It's breaking new ground in me. You spoke your truth into the lies I let my heart believe.
It's breaking new ground in me. You spoke your truth into the lies I let my heart believe. -Tasha Layton
Look what you've done Tasha Layton is one of those songs that makes me almost have to pull my car over when I hear it. It's just that good. I laugh as I write this because I still hear lyrics very differently than what they are... Like in my mind she says Look what you've done TO me but the lyrics say look what you've done IN me. I also tell myself that she says look what you "made me do." But I know she actually says look how you made me new. (Hallelujah! )

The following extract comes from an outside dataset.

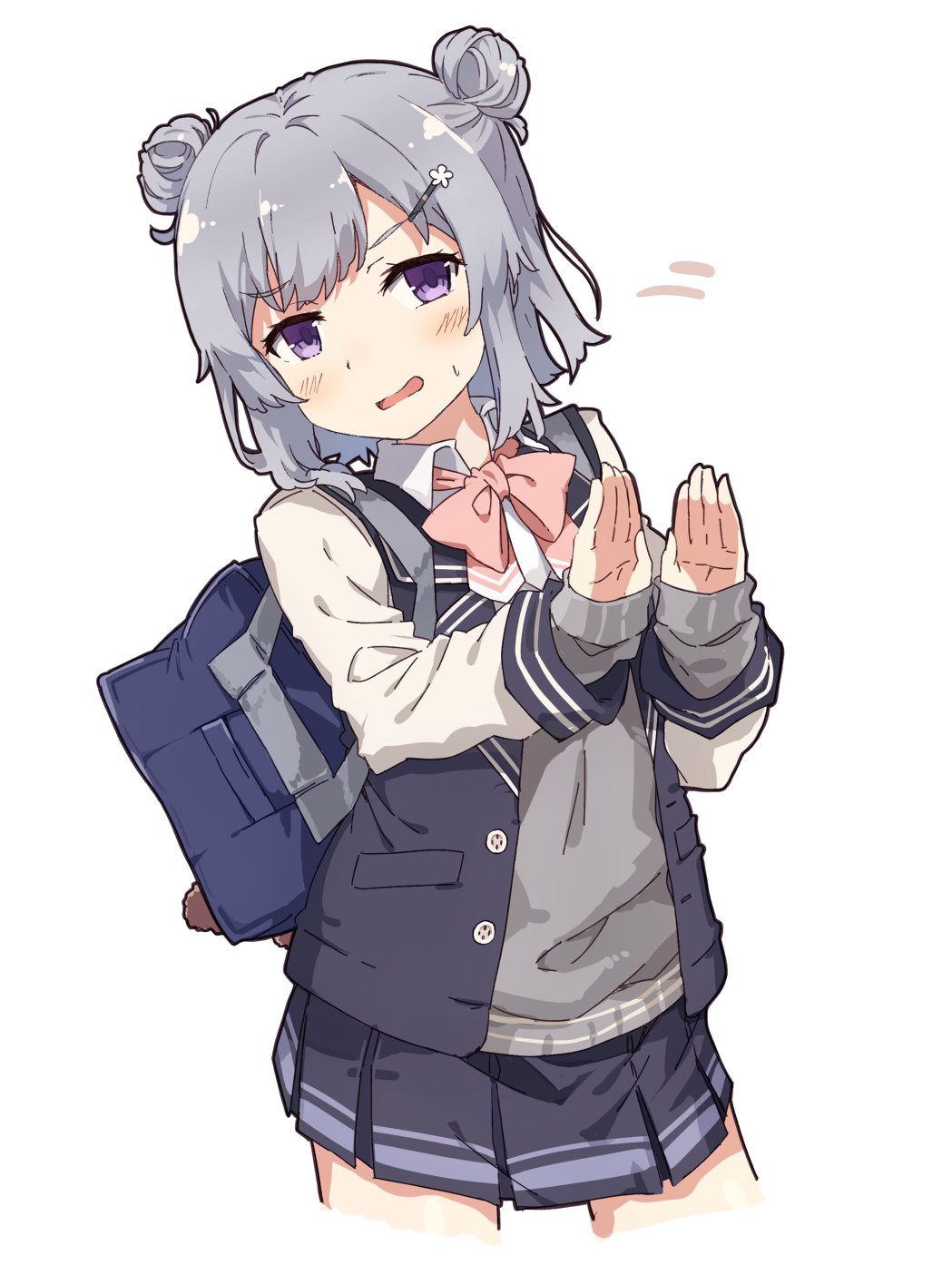 1girl, ascot, bag, blazer, blue_jacket, blue_skirt, blush, bow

Music is so much fun for me because the pictures are painted and I crack myself up when I think of my interpretation and fun translation as opposed to what the artist is actually saying. What are they thinking when they stand behind that mic and say those words?

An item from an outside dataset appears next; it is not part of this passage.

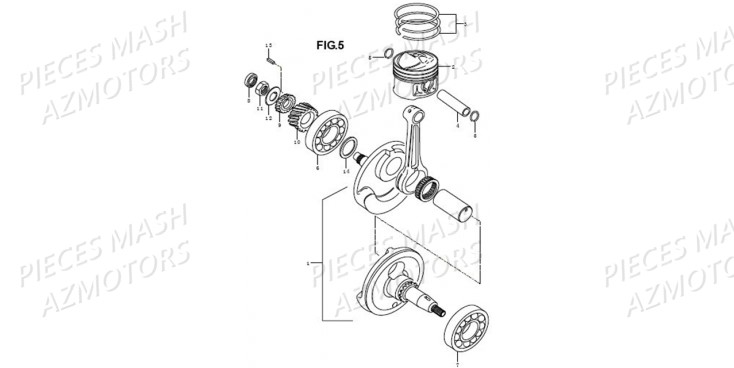 PISTON VILEBREQUIN MASH SEVENTY 125 FIVE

For years men came in and out of my life and did things to me. They manipulated me. They imprinted on me. They confused me. They used me. I was looking for love and they didn't mean me any good. Then came Jesus. I thought I knew Him before, but this was different. I had to get to know Him in a better way (I know that's a totally different song!) The Lord invaded my space. He did something when I least expected it and He was right on time. My heart was becoming dark and cold and I believe the Lord looked down from Heaven and in His wisdom, He decided to give me hope and a future.
I was on the path to becoming a vixen, a side piece, and God knows what other foolish thing. But before I could He pierced my heart. He made just enough room to shine some light in my darkness and turned everything around for me. It started from the inside out. That's how live now. Instead of becoming what hurt me I got healed. The Truth was speaking louder than the lies that had swirled around my head for years. My focus shifted in a whole new direction. Instead of becoming callous and closing my heart off from everyone I looked in the mirror and decided that the Chick looking back at me was worthy of real love, genuine love. I stopped wallowing in self-pity.

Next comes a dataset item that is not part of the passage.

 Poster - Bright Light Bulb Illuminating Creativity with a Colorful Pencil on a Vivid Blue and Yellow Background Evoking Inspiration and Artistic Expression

The reason I'm so serious about my life with Jesus is because I was a dead woman walking and drawing near to God made me live again. I was literally born again. And you might get in trouble if you go telling your pastor this, but... it happened for me more than once! I strayed off the path several times and the Lord ushered me back each time. Each time He washed me and cleaned out the trash in my head and my heart. Mentally and emotionally I was dying. Failed relationships almost took me out. I work hard, play hard, and I love hard. So breakups were tough for me- even when I was the one initiating the ending of the relationship. I later realized it was because I was inviting men into places in my soul that were reserved for God. And one day when I thought the end had come, I mean the real end as in buried and gone forever, I committed FULLY to doing things God's way. I yielded my opinions, my plans, my everything to Him and I told Him what the Bible said. Of course He didn't forget, but I reminded Him that the Bible said that He would fight my battles, that He would provide for me, that He would direct my path, that He wanted me to prosper. I told Him I needed Him to do all of that and if He did I would not jump in the driver's seat again. Not only that I would tell everybody of all that He has done.
That agreement holds strong today. I've never wanted for anything. I've never been overwhelmed by dark forces. The enemy did everything that he could do. But look what GOD did.